Fresh from my encounter with Craig Sheppard’s Book One of the
Well Tempered Clavier comes this disc of the Fifteen Two-Part
Inventions BWV 772-786 and Fifteen Three-Part Sinfonias BWV 787-801.
Next on my listening list is Sheppard’s Partitas.
As is now usual
Sheppard is recorded in the Meany Theatre in Seattle. Each
Invention is paired with a Sinfonia that shares the same key.

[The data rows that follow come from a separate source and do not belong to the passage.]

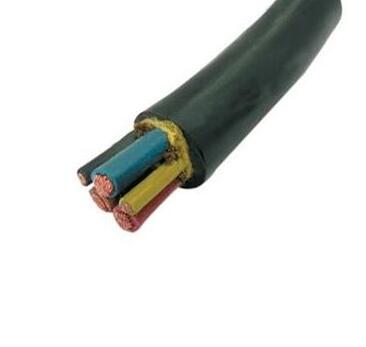 �����������ǲ���Z6���й�������ҳ����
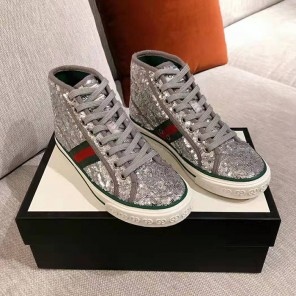 2021 gucci women shoes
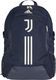 Adidas Plecak adidas Juventus FS0242 1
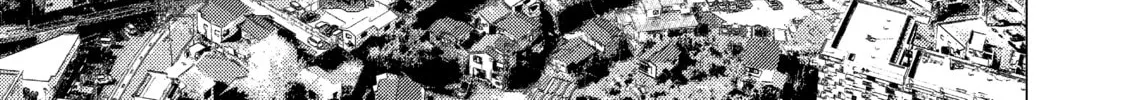 Read MF Ghost chapter 109 image 21 on Lezhin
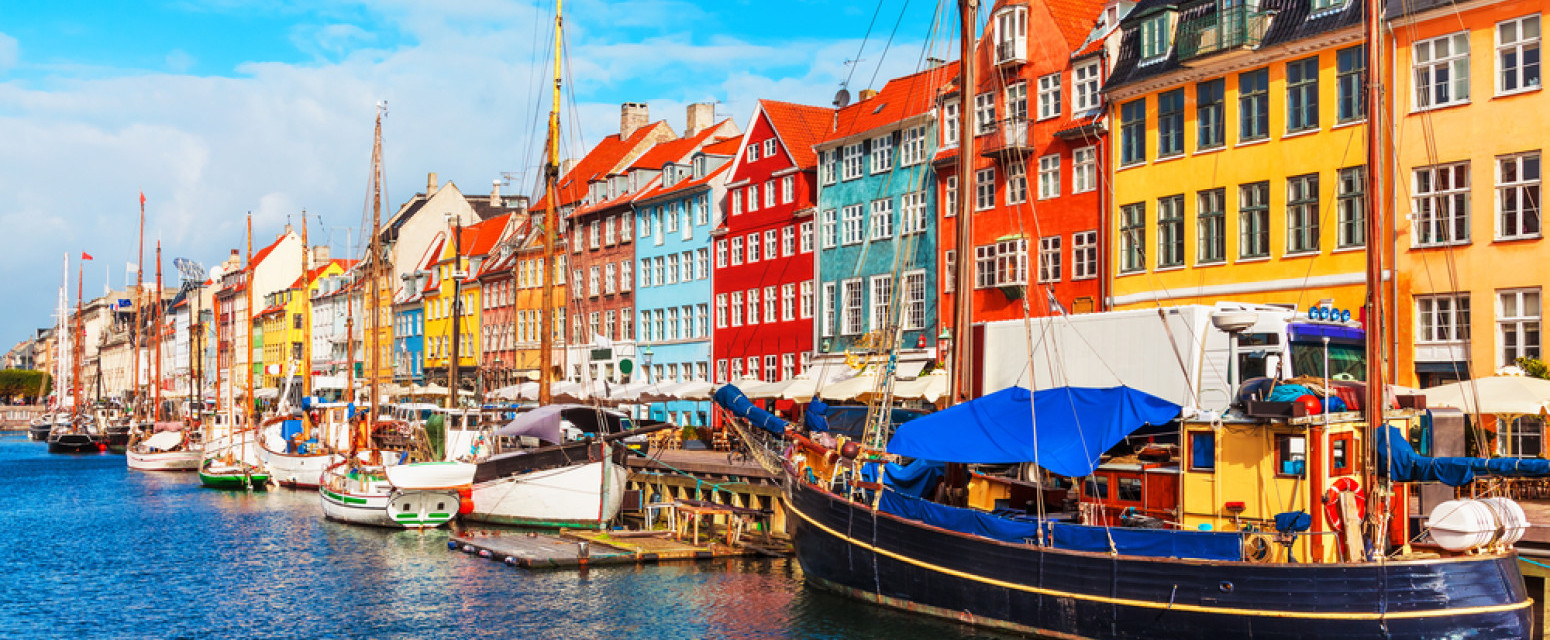 Ova zemlja nema nijednu planinu: Da li biste je posetili? FOTO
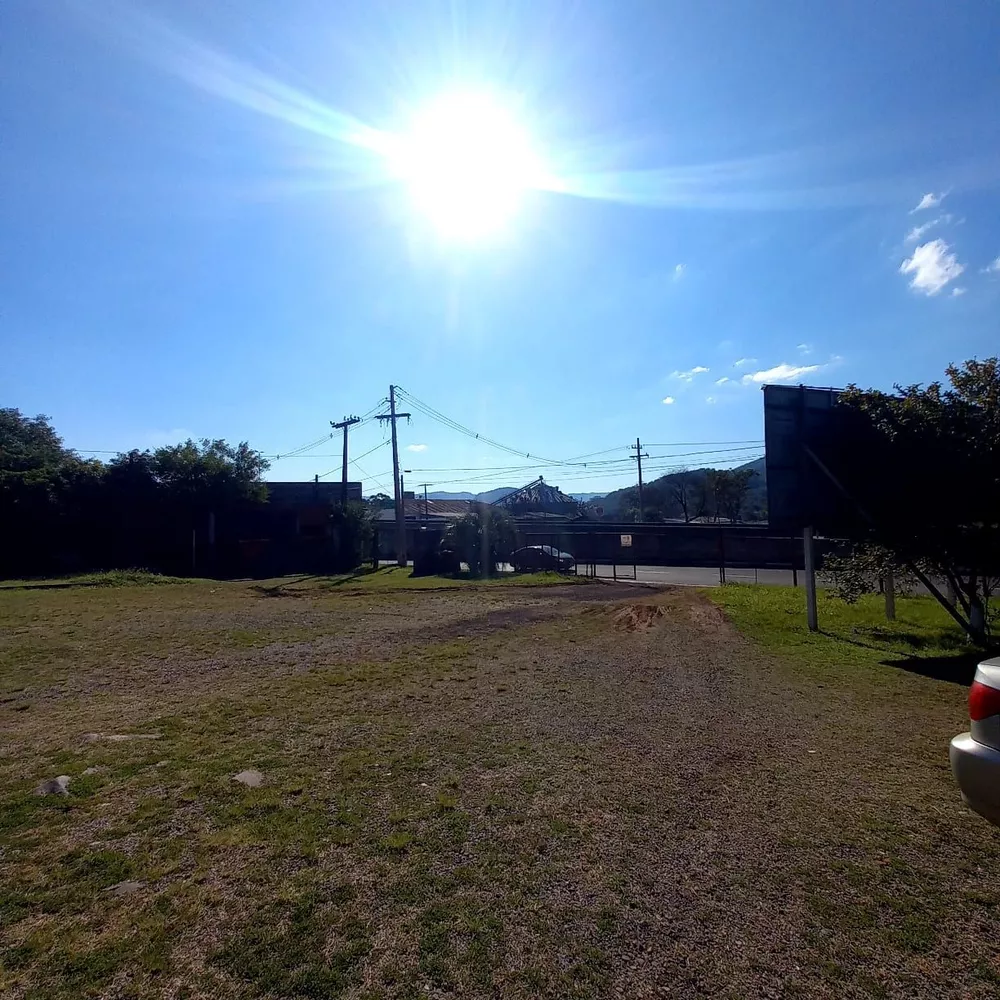Loteamento e Condomínio, 5400 m² - Foto 11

The result is a disc of wonderful insights into the appropriateness
of things. Aeration of texture is one of the things that so
distinguishes his playing. It’s not over-refinement or crystalline
coolness, rather it’s the lyricism, rhythmic precision and
clarity that gives such life and a sense of motion to the
music making. And the corollary is that each Sinfonia and
Invention bears appropriate weight; weight relative to its
musical significance.
So, time for some
examples of Sheppard’s perception, his imaginative and intellectual
qualities. Take the delving independence of the left hand
voicings in the Sinfonia in C major – the dancing rhythms
and the sense of colour evoked. The realisation that Sheppard
is seeking an appropriate colour and weight is immediately
apparent but reinforced, early, in the Sinfonia in C minor
where in addition to these qualities we feel him measuring
the music for its expressive qualities without any excessive
lingering. Note too the absolute precision of articulation
in the Sinfonia in D minor.
The Sinfonia in E minor has a powerful
sense of refinement and elegance in motion. The Invention
in F major shows that Sheppard’s tone never hardens toward
brittleness and that he maintains a natural sounding tempo
and pliant unostentatious phrasing entirely at the service
of the music; lit from within, not from without. He is sensitive
to dynamic variations of course but never as self-conscious
devices; try the Invention in F minor where the sheer communicative
warmth of the playing is allied to a sense of reflective,
lyrical delicacy. But when the music demands it Sheppard is
alive to its more troubling aspects. The Sinfonia in F minor
is, in his hands, starkly introspective and is pointed with
austere direction and a definable sense of angularity. The
result is deeply impressive.
Sheppard has written
his own notes, once more, and again they reflect the executant’s
ceaseless seeking. The recording is, as with this series in
general, quite close but attractively so. Sheppard’s Bach
recordings continue to impress time after time.